### WHAT TO WORK ON
Take the line with "Mothercare No Tears" and all lines after it, through the end of the records below, and repeat them exactly.
Start of Block
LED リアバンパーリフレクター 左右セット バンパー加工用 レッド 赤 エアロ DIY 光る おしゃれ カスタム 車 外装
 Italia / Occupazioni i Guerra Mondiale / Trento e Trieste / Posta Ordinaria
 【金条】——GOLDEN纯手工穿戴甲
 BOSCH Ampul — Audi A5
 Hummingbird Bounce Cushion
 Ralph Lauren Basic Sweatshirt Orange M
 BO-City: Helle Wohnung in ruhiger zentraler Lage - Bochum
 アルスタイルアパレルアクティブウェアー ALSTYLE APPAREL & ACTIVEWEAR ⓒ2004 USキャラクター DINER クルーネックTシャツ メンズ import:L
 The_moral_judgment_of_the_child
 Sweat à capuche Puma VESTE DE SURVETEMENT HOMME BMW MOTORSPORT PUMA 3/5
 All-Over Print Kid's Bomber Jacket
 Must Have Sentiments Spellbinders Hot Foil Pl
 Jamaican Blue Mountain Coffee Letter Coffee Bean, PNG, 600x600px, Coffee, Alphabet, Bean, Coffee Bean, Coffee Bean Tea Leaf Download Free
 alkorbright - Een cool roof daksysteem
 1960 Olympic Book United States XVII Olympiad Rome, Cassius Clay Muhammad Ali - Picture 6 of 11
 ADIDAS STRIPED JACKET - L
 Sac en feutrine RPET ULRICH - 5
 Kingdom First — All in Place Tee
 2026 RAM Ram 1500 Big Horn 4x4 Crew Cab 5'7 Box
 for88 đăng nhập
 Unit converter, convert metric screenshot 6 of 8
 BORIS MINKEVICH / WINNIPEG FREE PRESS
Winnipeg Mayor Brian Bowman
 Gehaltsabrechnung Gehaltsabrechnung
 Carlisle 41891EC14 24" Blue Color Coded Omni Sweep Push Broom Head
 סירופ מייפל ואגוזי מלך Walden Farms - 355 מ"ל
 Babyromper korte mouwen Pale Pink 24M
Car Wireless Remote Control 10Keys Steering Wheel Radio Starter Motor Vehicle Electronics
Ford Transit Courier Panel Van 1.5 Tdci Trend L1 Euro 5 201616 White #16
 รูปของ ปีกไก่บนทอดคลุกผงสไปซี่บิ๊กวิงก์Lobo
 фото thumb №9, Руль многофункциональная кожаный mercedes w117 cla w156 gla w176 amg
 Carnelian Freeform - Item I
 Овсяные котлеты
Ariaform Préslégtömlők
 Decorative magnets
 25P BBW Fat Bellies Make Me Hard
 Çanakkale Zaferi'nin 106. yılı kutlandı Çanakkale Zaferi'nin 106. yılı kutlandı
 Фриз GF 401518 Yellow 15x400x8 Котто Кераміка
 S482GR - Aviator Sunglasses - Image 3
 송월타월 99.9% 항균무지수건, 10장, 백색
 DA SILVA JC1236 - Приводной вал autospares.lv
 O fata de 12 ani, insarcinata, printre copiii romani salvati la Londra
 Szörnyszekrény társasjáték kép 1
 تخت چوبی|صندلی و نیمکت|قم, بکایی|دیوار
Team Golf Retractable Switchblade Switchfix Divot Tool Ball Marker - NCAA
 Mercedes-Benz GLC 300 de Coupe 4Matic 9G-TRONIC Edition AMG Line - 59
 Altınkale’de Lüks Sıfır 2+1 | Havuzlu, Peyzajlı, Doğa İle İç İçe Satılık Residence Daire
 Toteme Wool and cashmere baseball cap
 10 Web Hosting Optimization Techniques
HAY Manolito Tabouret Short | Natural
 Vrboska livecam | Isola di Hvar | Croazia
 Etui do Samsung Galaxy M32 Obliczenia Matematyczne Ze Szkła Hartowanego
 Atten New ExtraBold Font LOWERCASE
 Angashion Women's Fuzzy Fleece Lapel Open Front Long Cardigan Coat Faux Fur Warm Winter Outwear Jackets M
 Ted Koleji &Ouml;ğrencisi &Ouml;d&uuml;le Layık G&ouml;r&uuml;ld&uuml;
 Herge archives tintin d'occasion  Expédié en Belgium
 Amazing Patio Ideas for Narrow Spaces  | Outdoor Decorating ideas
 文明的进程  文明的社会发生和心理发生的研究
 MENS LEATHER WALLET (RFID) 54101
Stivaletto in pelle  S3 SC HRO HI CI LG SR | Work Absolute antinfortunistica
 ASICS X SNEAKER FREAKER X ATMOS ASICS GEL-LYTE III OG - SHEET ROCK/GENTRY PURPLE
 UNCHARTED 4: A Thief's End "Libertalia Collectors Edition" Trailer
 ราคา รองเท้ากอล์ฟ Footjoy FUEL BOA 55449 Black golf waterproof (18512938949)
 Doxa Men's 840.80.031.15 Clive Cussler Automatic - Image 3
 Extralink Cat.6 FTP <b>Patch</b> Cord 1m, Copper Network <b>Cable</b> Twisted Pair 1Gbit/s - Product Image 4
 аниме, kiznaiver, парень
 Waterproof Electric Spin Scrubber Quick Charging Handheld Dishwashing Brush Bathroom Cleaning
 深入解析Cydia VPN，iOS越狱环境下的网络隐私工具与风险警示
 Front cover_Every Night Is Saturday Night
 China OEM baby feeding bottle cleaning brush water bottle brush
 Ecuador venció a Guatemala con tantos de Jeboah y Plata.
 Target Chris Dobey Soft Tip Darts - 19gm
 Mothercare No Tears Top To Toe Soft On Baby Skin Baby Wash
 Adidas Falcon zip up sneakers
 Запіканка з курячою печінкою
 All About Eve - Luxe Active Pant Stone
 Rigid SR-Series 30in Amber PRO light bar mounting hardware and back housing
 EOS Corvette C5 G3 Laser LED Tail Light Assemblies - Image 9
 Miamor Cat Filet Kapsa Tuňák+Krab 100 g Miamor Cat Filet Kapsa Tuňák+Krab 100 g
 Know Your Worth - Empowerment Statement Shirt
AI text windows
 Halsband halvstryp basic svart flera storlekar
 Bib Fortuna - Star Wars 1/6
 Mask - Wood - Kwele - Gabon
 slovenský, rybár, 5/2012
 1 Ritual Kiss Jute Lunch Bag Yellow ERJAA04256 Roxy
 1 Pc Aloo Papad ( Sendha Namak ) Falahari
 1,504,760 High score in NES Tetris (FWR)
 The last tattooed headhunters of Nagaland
End of Block
### COMPLETED TASK
 Mothercare No Tears Top To Toe Soft On Baby Skin Baby Wash
 Adidas Falcon zip up sneakers
 Запіканка з курячою печінкою
 All About Eve - Luxe Active Pant Stone
 Rigid SR-Series 30in Amber PRO light bar mounting hardware and back housing
 EOS Corvette C5 G3 Laser LED Tail Light Assemblies - Image 9
 Miamor Cat Filet Kapsa Tuňák+Krab 100 g Miamor Cat Filet Kapsa Tuňák+Krab 100 g
 Know Your Worth - Empowerment Statement Shirt
AI text windows
 Halsband halvstryp basic svart flera storlekar
 Bib Fortuna - Star Wars 1/6
 Mask - Wood - Kwele - Gabon
 slovenský, rybár, 5/2012
 1 Ritual Kiss Jute Lunch Bag Yellow ERJAA04256 Roxy
 1 Pc Aloo Papad ( Sendha Namak ) Falahari
 1,504,760 High score in NES Tetris (FWR)
 The last tattooed headhunters of Nagaland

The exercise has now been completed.